**What is expected**
Exact copy, no pictures: repeat the data that follows.

**Information given**
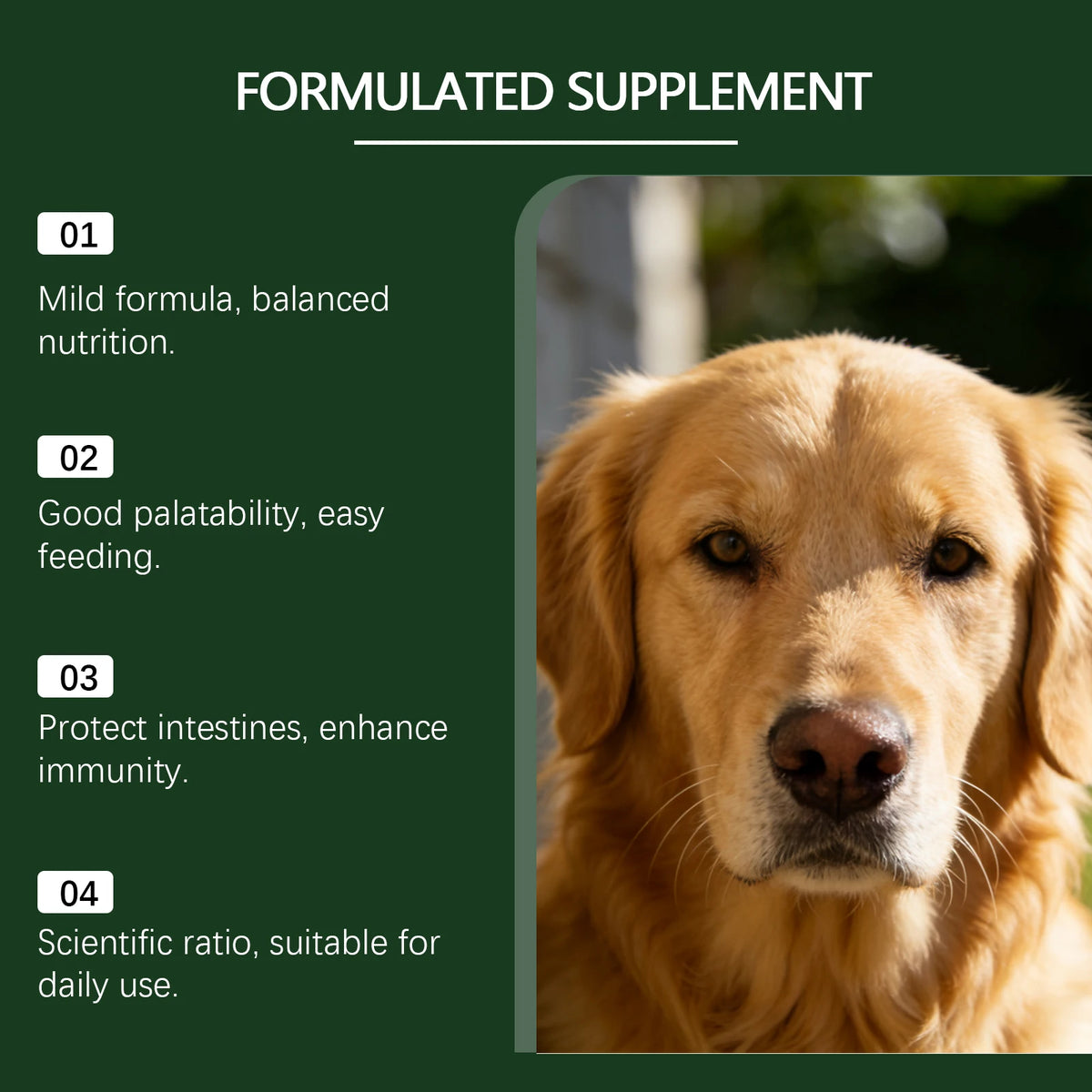 Dog Nutrition Powder, Digestive & Gut Health Support Supplement for Daily Wellness - Bond Well Supplies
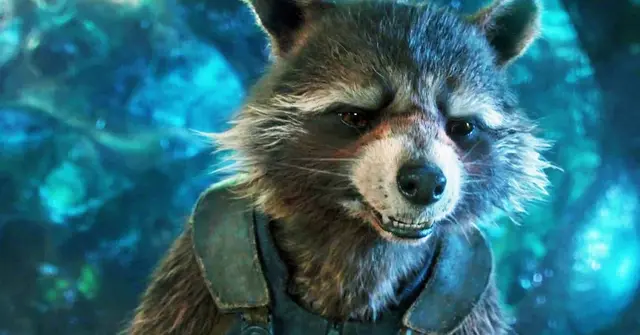 Profile image of Rocket Raccoon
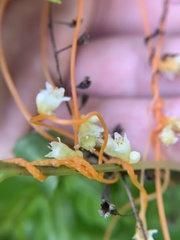 Cuscuta gronovii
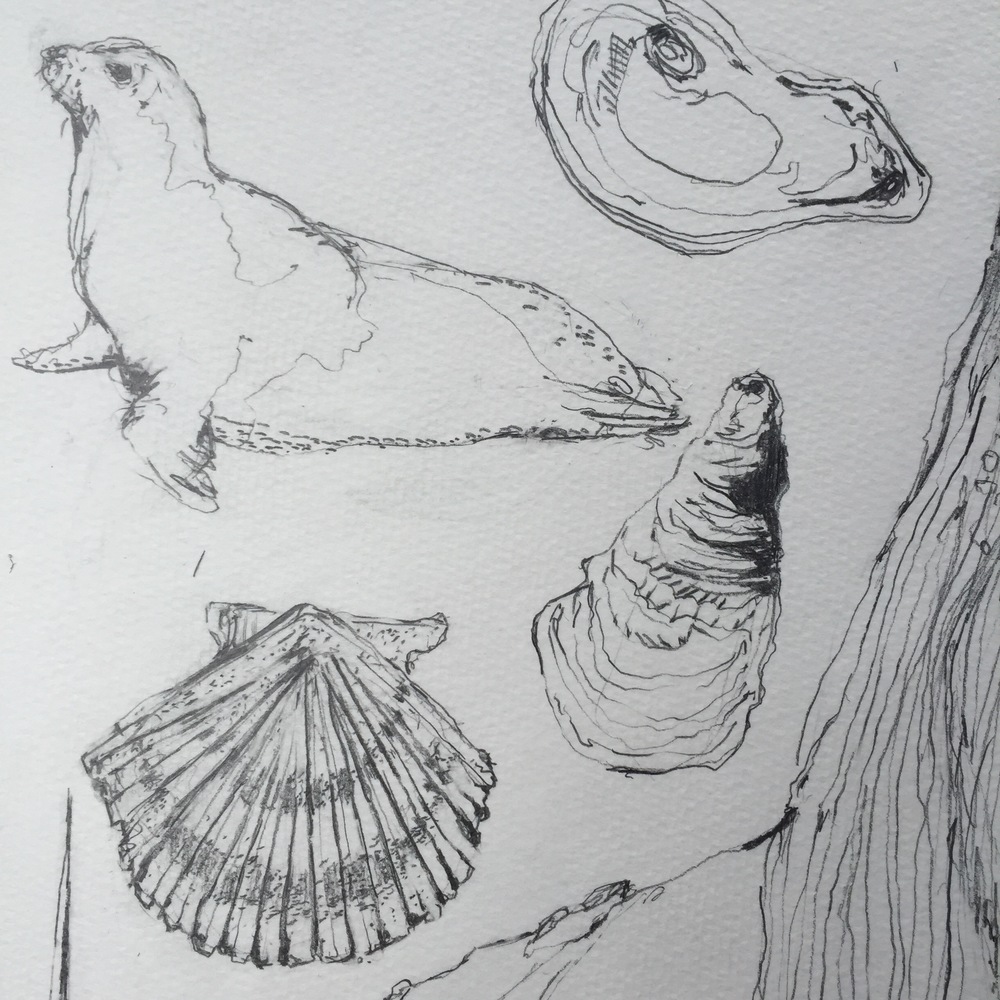 1000x1000 Cape Cod Sketches Client Work Morgan Dyer - Cod Sketch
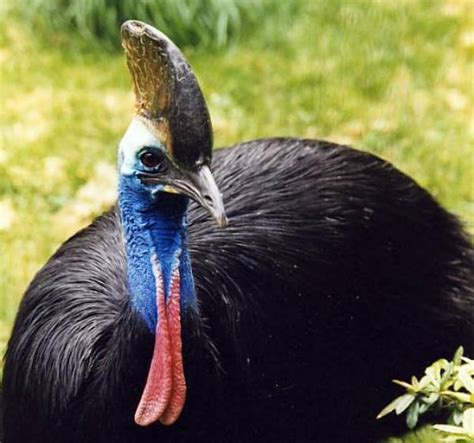 Southern Cassowary | Animal Wildlife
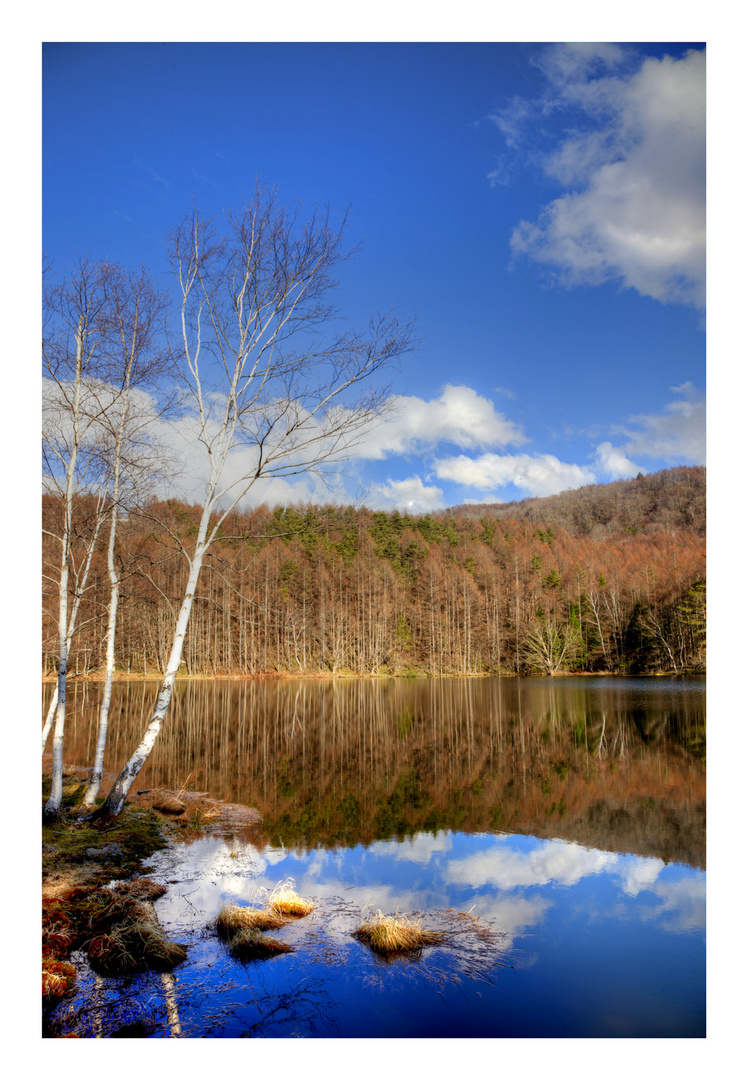 Reflected in the water-3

**Task solution**
 Dog Nutrition Powder, Digestive & Gut Health Support Supplement for Daily Wellness - Bond Well Supplies
 Profile image of Rocket Raccoon
 Cuscuta gronovii
 1000x1000 Cape Cod Sketches Client Work Morgan Dyer - Cod Sketch
 Southern Cassowary | Animal Wildlife
 Reflected in the water-3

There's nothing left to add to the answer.